[[ EXTRACTED ENTRIES open ]]

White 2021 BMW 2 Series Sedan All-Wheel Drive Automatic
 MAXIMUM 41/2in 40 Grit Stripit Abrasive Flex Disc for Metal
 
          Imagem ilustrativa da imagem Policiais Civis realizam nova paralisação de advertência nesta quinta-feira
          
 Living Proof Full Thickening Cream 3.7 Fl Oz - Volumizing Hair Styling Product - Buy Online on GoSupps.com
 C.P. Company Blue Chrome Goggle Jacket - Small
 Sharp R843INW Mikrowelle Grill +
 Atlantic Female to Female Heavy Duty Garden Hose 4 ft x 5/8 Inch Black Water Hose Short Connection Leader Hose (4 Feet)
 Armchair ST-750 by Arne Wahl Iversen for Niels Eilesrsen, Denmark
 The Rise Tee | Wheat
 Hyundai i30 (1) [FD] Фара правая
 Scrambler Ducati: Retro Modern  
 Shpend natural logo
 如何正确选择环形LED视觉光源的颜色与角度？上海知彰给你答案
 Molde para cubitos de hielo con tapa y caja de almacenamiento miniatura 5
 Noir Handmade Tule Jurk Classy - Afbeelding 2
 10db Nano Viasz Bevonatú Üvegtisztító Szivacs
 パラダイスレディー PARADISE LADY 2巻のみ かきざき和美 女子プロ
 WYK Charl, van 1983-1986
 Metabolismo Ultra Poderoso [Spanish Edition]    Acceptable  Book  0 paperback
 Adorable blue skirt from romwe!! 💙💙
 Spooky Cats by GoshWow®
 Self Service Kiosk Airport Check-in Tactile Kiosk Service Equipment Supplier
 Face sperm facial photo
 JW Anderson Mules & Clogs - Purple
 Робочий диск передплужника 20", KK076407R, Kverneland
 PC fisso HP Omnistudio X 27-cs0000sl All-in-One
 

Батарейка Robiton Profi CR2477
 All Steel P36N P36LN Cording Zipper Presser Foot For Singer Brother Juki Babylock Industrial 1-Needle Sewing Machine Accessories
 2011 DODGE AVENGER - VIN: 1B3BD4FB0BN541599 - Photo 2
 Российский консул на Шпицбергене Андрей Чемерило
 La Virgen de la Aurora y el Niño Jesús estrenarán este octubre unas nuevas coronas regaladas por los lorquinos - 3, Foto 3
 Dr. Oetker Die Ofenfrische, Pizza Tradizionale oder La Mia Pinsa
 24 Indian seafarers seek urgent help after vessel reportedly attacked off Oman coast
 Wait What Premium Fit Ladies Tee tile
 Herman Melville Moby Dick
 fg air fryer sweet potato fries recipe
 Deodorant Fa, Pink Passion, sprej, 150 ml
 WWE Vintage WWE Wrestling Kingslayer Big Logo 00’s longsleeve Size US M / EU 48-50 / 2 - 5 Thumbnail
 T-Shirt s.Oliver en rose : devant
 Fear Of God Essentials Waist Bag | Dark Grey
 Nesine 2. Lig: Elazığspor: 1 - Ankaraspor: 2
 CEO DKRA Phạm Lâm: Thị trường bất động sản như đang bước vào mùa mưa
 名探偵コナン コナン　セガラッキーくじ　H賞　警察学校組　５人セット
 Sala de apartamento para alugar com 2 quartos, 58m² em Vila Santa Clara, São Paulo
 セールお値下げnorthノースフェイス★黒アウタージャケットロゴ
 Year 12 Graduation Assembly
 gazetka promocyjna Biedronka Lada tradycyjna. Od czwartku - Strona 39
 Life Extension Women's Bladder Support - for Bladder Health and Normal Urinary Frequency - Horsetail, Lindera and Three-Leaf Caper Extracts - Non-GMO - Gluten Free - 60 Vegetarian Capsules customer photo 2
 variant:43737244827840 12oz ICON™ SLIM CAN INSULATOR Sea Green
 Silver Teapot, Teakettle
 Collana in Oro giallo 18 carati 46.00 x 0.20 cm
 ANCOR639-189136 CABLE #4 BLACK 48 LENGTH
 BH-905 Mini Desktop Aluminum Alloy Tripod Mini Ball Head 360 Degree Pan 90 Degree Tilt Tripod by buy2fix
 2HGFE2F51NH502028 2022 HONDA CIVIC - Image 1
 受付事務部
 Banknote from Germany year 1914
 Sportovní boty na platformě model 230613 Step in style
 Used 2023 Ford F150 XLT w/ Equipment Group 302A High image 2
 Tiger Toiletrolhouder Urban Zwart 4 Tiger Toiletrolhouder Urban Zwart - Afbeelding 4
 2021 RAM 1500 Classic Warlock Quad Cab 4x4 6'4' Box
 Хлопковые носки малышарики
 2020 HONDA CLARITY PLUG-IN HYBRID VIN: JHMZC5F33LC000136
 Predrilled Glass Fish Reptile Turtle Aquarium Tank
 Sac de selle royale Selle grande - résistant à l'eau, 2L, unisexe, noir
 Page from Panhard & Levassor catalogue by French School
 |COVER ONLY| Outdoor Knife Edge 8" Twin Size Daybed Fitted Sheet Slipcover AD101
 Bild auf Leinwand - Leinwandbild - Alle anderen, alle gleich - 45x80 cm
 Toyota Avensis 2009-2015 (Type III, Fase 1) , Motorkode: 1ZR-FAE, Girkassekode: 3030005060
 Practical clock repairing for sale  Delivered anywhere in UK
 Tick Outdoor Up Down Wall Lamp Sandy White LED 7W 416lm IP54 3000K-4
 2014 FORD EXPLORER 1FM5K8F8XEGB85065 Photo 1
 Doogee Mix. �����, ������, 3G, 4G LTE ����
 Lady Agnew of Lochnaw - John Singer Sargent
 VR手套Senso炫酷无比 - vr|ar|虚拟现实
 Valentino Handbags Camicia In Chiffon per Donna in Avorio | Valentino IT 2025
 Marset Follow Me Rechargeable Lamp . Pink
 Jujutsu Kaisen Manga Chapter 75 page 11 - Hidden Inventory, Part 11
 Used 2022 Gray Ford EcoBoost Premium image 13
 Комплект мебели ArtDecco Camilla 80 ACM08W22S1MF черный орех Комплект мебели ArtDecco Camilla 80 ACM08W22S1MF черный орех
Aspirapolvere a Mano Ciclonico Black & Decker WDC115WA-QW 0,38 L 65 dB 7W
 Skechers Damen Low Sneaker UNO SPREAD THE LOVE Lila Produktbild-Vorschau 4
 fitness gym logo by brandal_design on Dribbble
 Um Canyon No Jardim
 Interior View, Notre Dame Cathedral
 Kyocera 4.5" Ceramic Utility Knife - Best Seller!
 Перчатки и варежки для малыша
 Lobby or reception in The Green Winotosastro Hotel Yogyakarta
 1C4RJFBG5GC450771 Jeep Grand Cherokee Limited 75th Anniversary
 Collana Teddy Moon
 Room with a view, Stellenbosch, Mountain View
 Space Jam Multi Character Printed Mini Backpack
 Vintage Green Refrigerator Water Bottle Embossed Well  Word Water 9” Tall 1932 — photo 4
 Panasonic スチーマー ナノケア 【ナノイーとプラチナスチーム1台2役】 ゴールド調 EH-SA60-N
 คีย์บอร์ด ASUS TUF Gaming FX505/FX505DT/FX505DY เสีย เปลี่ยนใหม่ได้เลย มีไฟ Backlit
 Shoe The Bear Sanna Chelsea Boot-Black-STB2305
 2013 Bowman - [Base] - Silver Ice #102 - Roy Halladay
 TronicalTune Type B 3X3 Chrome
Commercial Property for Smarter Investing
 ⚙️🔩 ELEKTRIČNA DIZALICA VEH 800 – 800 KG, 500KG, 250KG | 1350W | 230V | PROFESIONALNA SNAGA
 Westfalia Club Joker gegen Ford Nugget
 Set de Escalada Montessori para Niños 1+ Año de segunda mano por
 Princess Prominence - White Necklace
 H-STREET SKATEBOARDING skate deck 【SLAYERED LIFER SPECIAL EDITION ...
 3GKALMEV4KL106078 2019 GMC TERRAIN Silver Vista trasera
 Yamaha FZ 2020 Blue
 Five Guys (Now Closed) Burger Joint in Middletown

[[ EXTRACTED ENTRIES closed ]]

TASK BRIEF:
Return exactly the opening lines of the listing above, ending with the line that has "The Rise Tee | Wheat".

TASK ANSWER:
White 2021 BMW 2 Series Sedan All-Wheel Drive Automatic
 MAXIMUM 41/2in 40 Grit Stripit Abrasive Flex Disc for Metal
 
          Imagem ilustrativa da imagem Policiais Civis realizam nova paralisação de advertência nesta quinta-feira
          
 Living Proof Full Thickening Cream 3.7 Fl Oz - Volumizing Hair Styling Product - Buy Online on GoSupps.com
 C.P. Company Blue Chrome Goggle Jacket - Small
 Sharp R843INW Mikrowelle Grill +
 Atlantic Female to Female Heavy Duty Garden Hose 4 ft x 5/8 Inch Black Water Hose Short Connection Leader Hose (4 Feet)
 Armchair ST-750 by Arne Wahl Iversen for Niels Eilesrsen, Denmark
 The Rise Tee | Wheat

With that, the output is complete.